Reproduce every record below exactly as written, leaving out any pictures.

STUDY MATERIAL below:

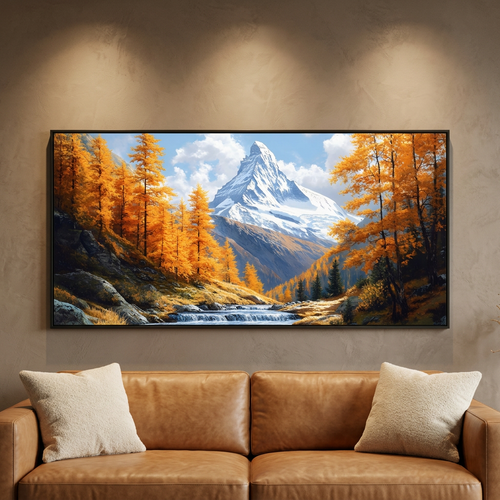 Golden Autumn Mountain Canvas Wall Art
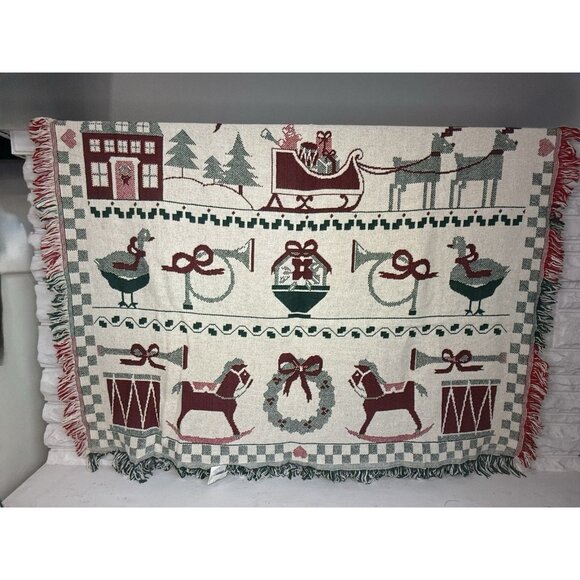 🎄 Vintage Crown Crafts Christmas Throw Blanket – Made in USA – New with Tag! 🎄 - Picture 1 of 7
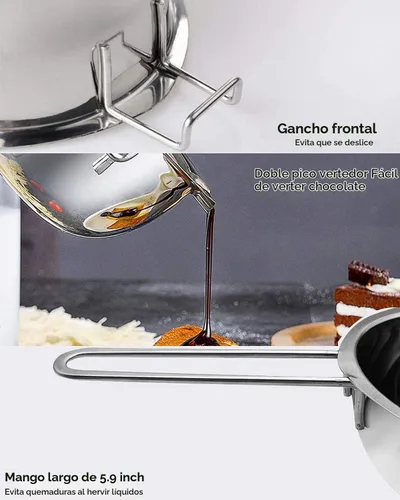 Vista 5 de Juego de olla doble de 1000ML con olla de acero inoxidable de 2200ML y espátula de silicona, juego de olla doble para derretir chocolate, caramelo
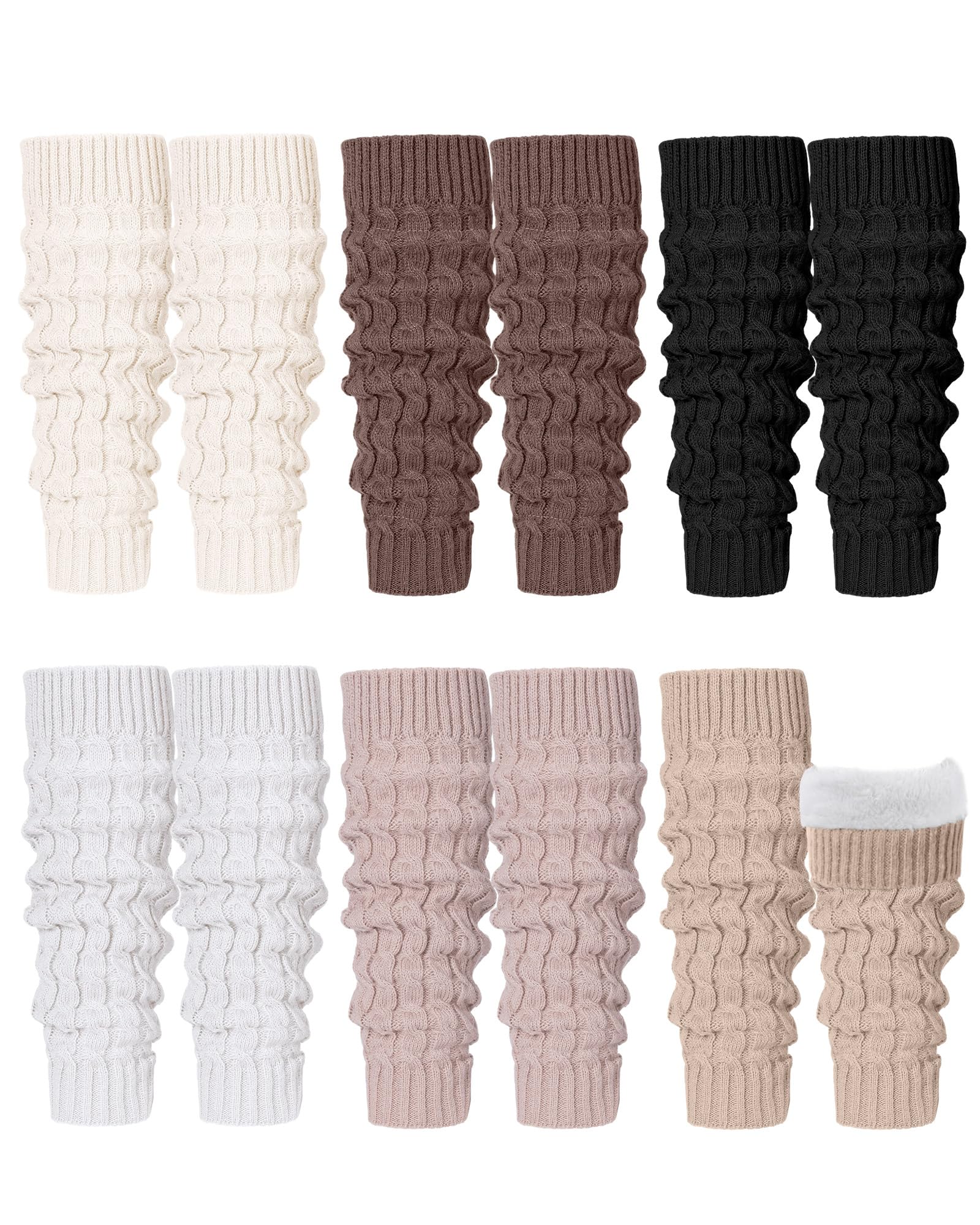 Shihanee 6 Pairs Women Fleece Lined Leg Warmers Knit Winter Warm Retro Leg Warmer Long Boot Socks for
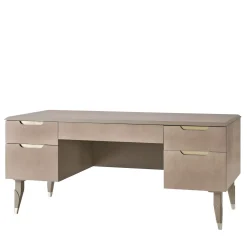 Guerra Vanni Desk & Writing Tables<Taupe Eucalyptus Writing Desk with Champagne Handles from Studio Privè Collection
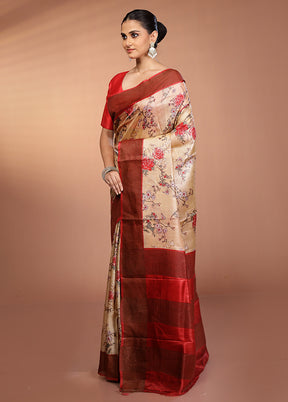 Cream Tussar Silk Saree With Blouse Piece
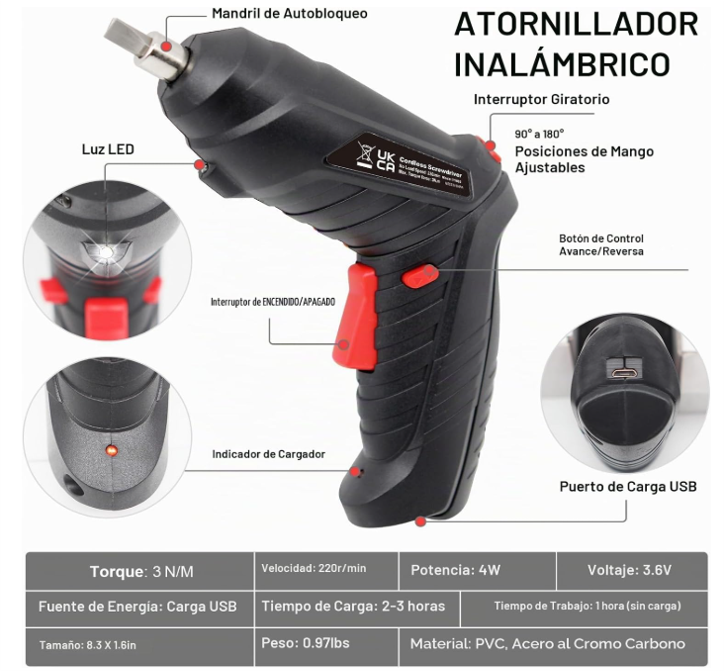 TALADRO DESTORNILLADOR INALAMBRICO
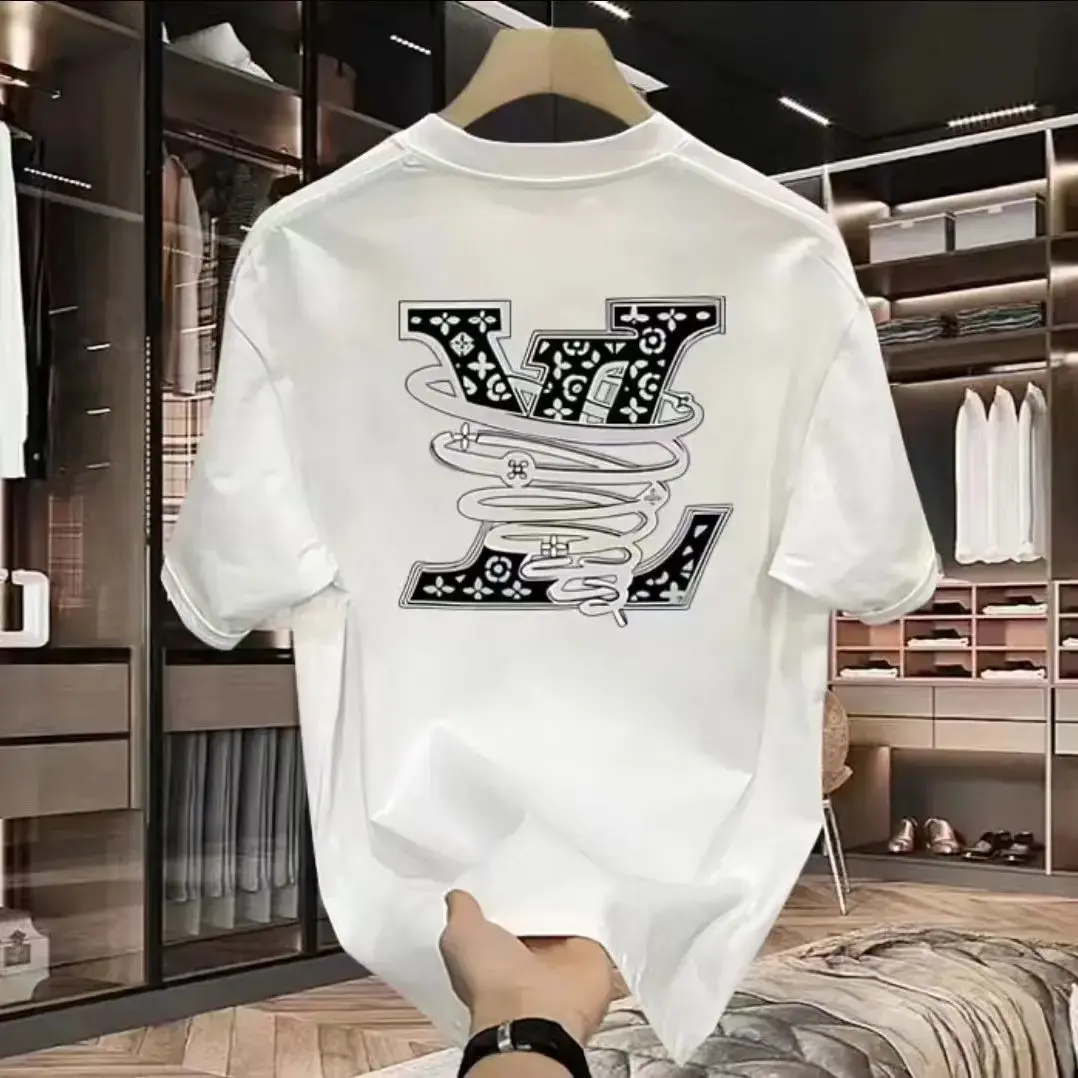 100% pure cotton men's luxurious brand letter print T-shirt, short-sleeved T-shi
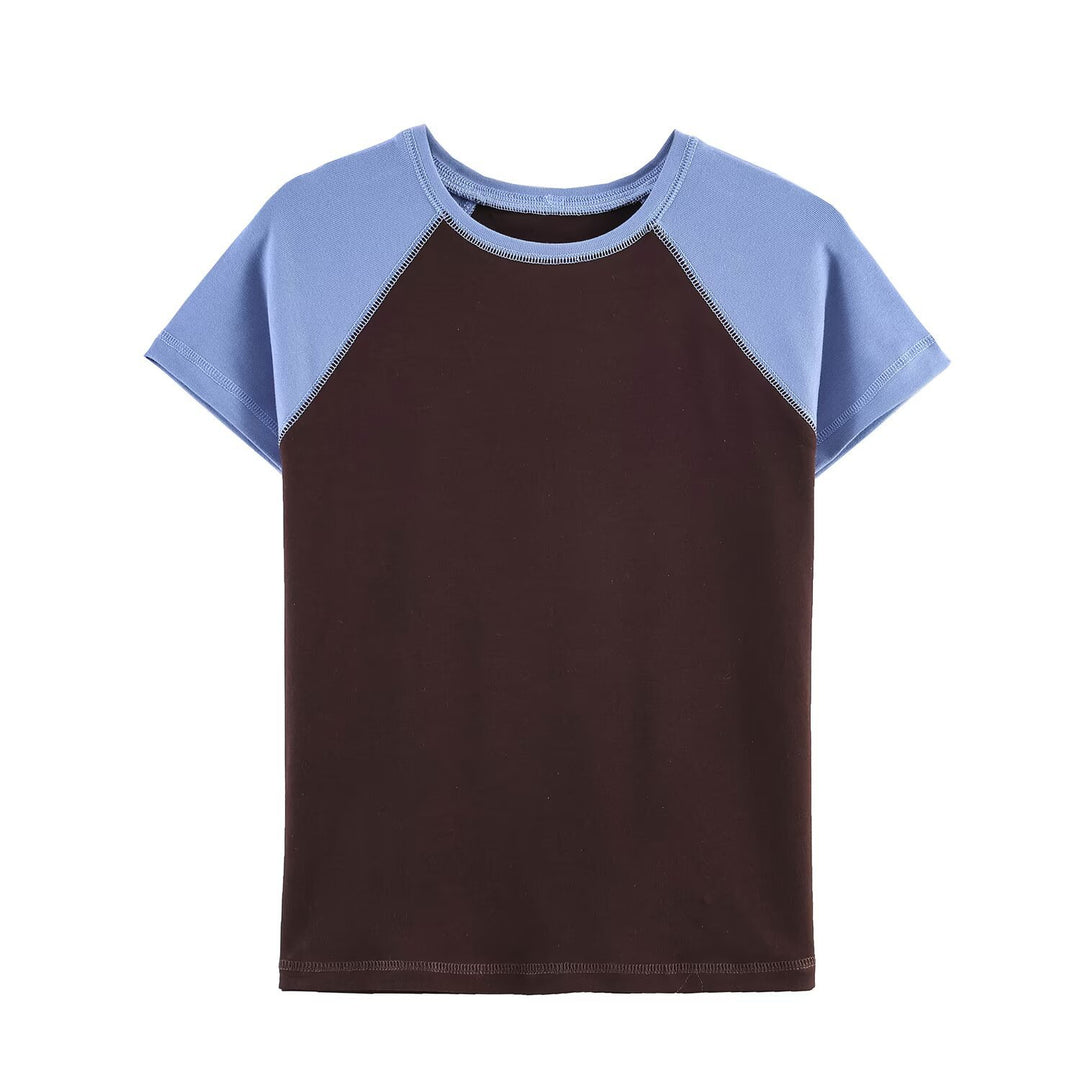 Damen Sportliches T-Shirt mit Kontrastärmeln und lässigem Schnitt Drune
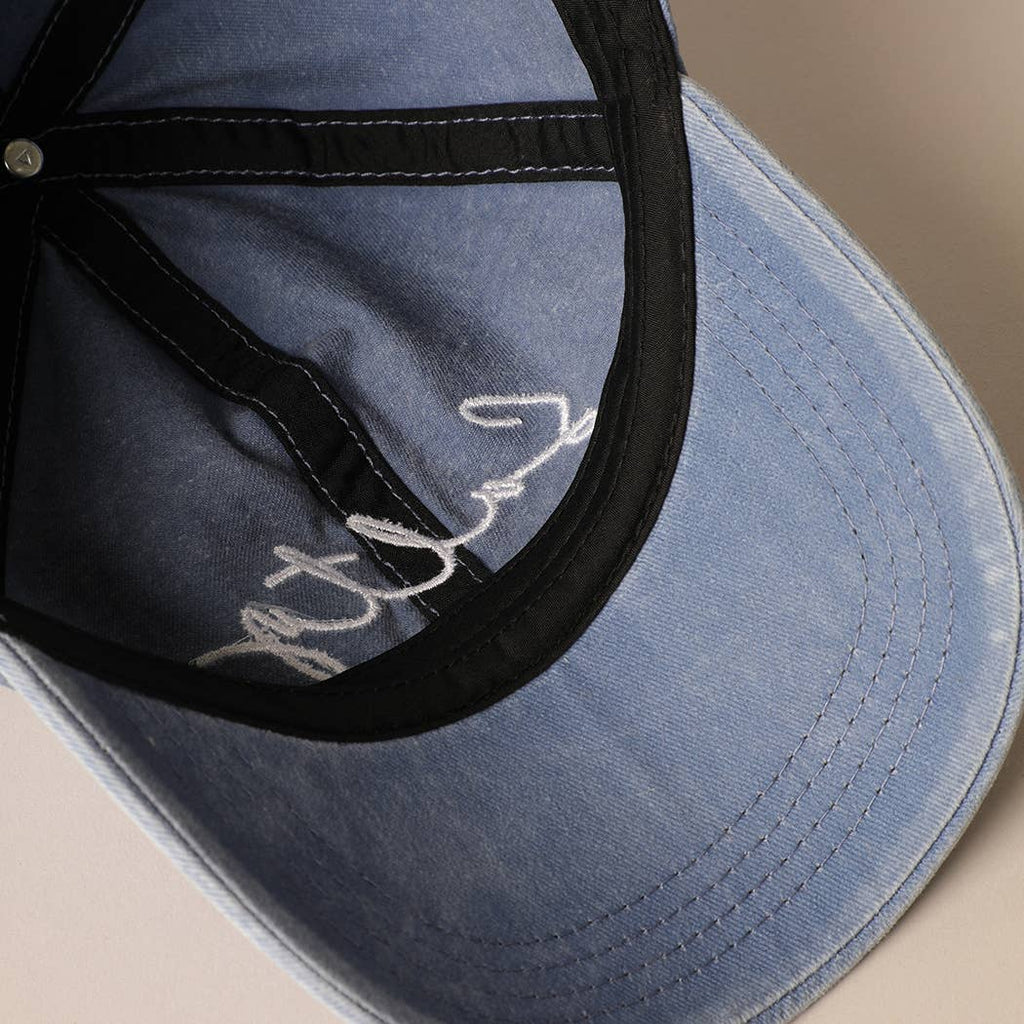 Salty Lettering Embroidery Baseball Cap: VINTAGE BLUE / One Size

End of STUDY MATERIAL.

## RESPONSE BELOW
 Golden Autumn Mountain Canvas Wall Art
 🎄 Vintage Crown Crafts Christmas Throw Blanket – Made in USA – New with Tag! 🎄 - Picture 1 of 7
 Vista 5 de Juego de olla doble de 1000ML con olla de acero inoxidable de 2200ML y espátula de silicona, juego de olla doble para derretir chocolate, caramelo
 Shihanee 6 Pairs Women Fleece Lined Leg Warmers Knit Winter Warm Retro Leg Warmer Long Boot Socks for
 Guerra Vanni Desk & Writing Tables<Taupe Eucalyptus Writing Desk with Champagne Handles from Studio Privè Collection
 Cream Tussar Silk Saree With Blouse Piece
 TALADRO DESTORNILLADOR INALAMBRICO
 100% pure cotton men's luxurious brand letter print T-shirt, short-sleeved T-shi
 Damen Sportliches T-Shirt mit Kontrastärmeln und lässigem Schnitt Drune
 Salty Lettering Embroidery Baseball Cap: VINTAGE BLUE / One Size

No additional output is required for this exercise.